L'une des œuvres de l'exposition, « La Cigogne du Général », est un projet frappant portant sur le thème de la surveillance.
Il faut donc placer certains de ces outils dans un contexte historique - caractéristique du travail de Mme Amin - et se pencher sur des exemples où ces dispositifs et capacités, qui encouragent aujourd'hui la communication pendant le confinement mondial, jouent un rôle plus problématique.
« Parmi mes œuvres, un projet intitulé « Project Speak2Tweet ». Il traite de la coupure de l'internet durant les premiers jours de la révolution égyptienne en 2011. Il évoque la manière dont ces outils - qui étaient alors présentés comme un moyen démocratique d'émancipation - ont été utilisés contre nous », explique Mme Amin. L'idée que ces technologies n'ont peut-être pas été à la hauteur des attentes initiales et utopiques est également explorée dans une autre œuvre de l'exposition, « Operation Sunken Sea ». Mme Amin y apparait comme un dictateur derrière un quasi-schéma de drainage de la mer Méditerranée, dans une vision à la limite du surréalisme.
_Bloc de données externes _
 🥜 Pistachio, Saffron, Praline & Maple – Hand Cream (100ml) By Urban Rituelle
Cette œuvre montre comment la technologie peut cacher une dépendance derrière le masque d'un langage et d'une rhétorique.
« Le regard utopique que nous avons à l’égard de la technologie n'a guère changé en 150 ans », dit Mme Amin. « A travers les restrictions qui nous sont imposées en raison de la pandémie, je réfléchis à l'endroit où la dynamique du pouvoir est ancrée dans les technologies dont nous sommes dépendants. Comment pouvons-nous en parler alors que nous nous trouvons plongés dans cette situation ? »
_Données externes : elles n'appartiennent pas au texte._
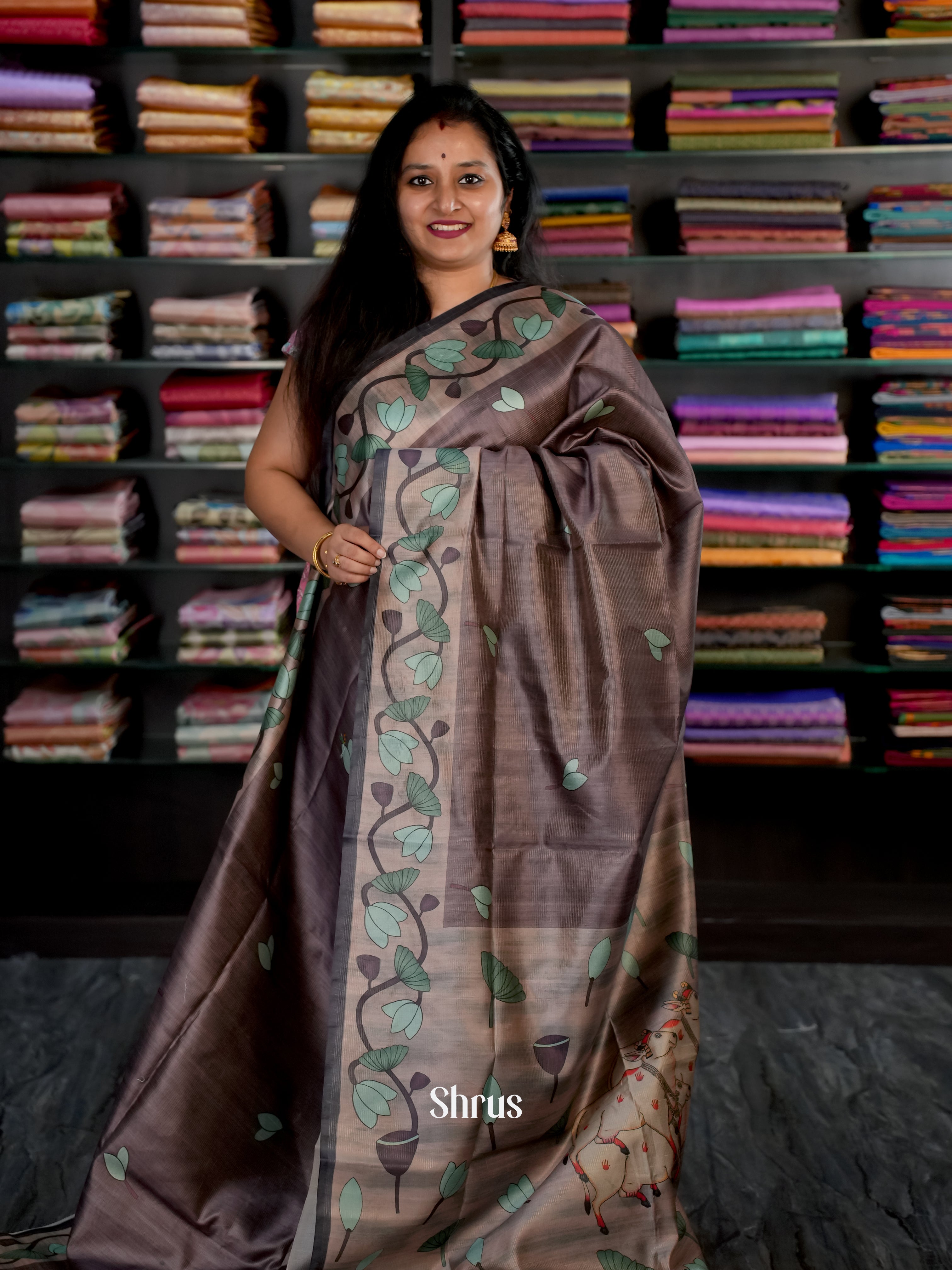 CIS16178 - Champa Semi tussar - Shop on Shrus.com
« La Cigogne du Général », projet frappant sur le thème de la surveillance, raconte l'histoire remarquable – mais vraie – d'un oiseau migrateur détenu par les autorités égyptiennes pour espionnage en 2013.
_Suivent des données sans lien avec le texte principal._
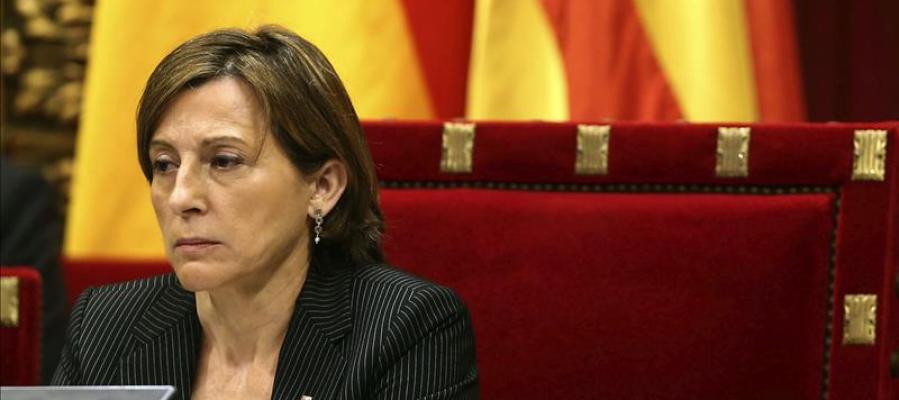 La presidenta del Parlament, Carme Forcadell La presidenta del Parlament, Carme Forcadell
Selon Mme Amin, « cette œuvre aborde le développement de la guerre des drones avec le Moyen-Orient en toile de fond, et la façon dont ces oiseaux motorisés sont utilisés pour surveiller les citoyens partout dans le monde. « Dans la période d'hystérie et de panique où nous vivions, la pandémie vient justifier davantage le recours à ces technologies».
Lors d'un entretien vidéo, Mme Amin a accordé plus d’envergure à l'exploration de ces technologies. Pour elle, « nous sommes devenus si dépendants des plateformes en ligne dans le domaine de l'éducation. Les universités et les écoles proposent des cours via des services qui contrôlent en fin de compte la manière dont nous transmettons l'information. Que se passe-t-il lorsque nous sommes surveillés par ces plateformes et quand on nous dit ce que nous pouvons et ne pouvons pas enseigner, et de quelle manière ? À qui cela sert-il ? »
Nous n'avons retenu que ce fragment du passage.